▶ _Data section_
——

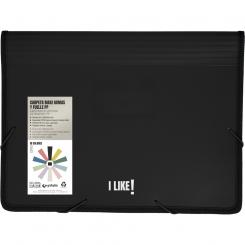 GRAFOPLÁS Carpeta Maxi PP Gomas  Fuelle Like3 Negro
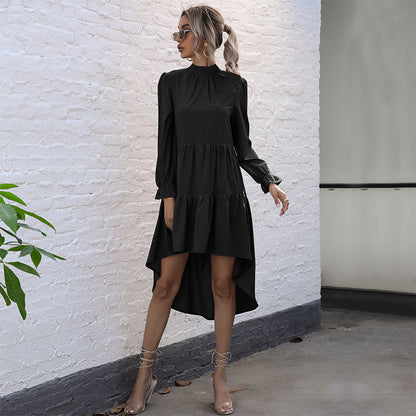 Dames Élégante et décontractée robe mini avec volants Chic und Stil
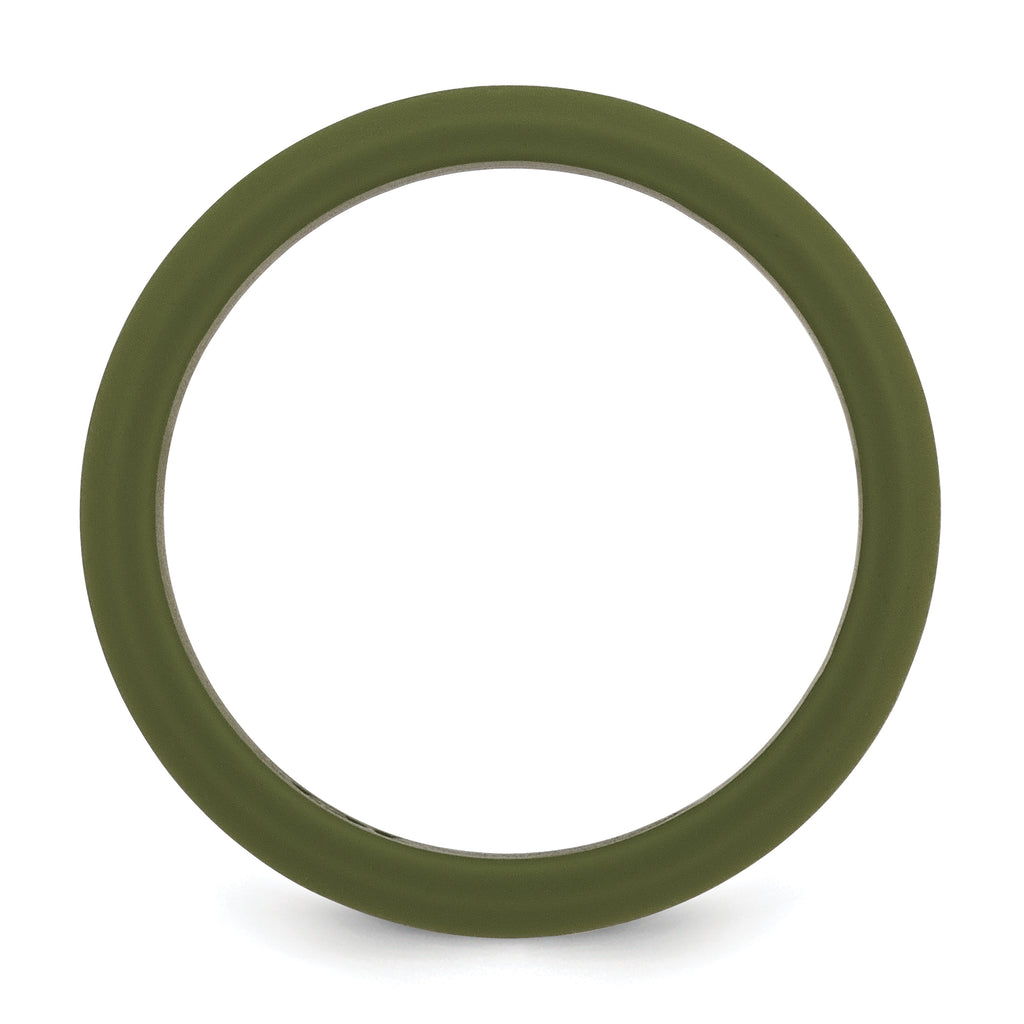 Silicone Olive Green 8mm Band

——

▶ _Task statement_
Please reproduce the whole listing exactly; the pictures stay out.

▶ _Result_
 GRAFOPLÁS Carpeta Maxi PP Gomas  Fuelle Like3 Negro
 Dames Élégante et décontractée robe mini avec volants Chic und Stil
 Silicone Olive Green 8mm Band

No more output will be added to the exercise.